ご挨拶

日々忙しいときに ”ちょっとした話" でヒートアップした頭をリフレッシュさせてはいかがでしょう

●○ バーチャル、仮想、そして妄想 ○●

先日、以前録画していた「爆笑問題のニッポンの教養『現実ヲ拡張セヨ』」を見た。AR(augmented reality)、「拡張現実」を研究する東大工学部電子情報学の苗村健准教授が登場。バーチャルとは何かを語っていた。苗村教授が、「バーチャルって言うのは、ウソって言う意味じゃなくて本質って言う意味」と述べると、次のシーンではvirtualという言葉の解説が画面に出てきた。

 

【形容詞】@名目上はそうではないが実質上の、事実上の、実際(上)の

 

なるほど。
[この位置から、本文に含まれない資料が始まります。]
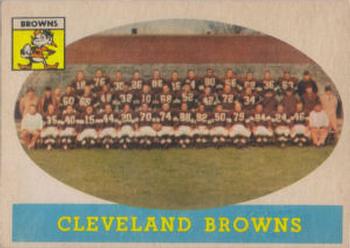 1958 Topps #9 Cleveland Browns Front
つまり、virtualの訳語、「仮想の」っていうのは正しい訳ではないのかも知れない。早速、オンラインの語源辞書を引いてみた。virtualはvirtueから来ており、virtueの元々の意味は男らしさ、とある。

 

ここからはこちらの勝手な想像(妄想?)。

「男らしさ」からどうやって「名目上はそうではないが実質上の」という意味が生まれてきたのか。巧言令色ではない、やるときはやる男、ぱっと見そうでもないんだけど、実際はできるやつ、みたいなイメージがvirtualと結びついたのだろうか?

 

見た目は一つのサーバなんだけど、「実質上の」複数サーバ。これがvirtual serverの本来的(英語が喚起している)イメージ?

 

「仮想化」と「virtual」は言葉としては、かなり違った意味を内包しているようだ。

 

Virtualの英語本来の意味、訳としての妥当性はさておき、「仮想」という言葉には想像をかき立てられるものがある。「仮想化」は、J-SOX、グリーン、などの言葉に替わってIT業界の化学調味料(どんな「お料理」にも加えられる、という意味で)になっている。

 

他業界同様、不況にあえぐIT業界を賑わせているという意味では重宝な言葉であるのは確かだ。仮想的な賑わいがvirtualな賑わいに変容していくことを願ってやまない。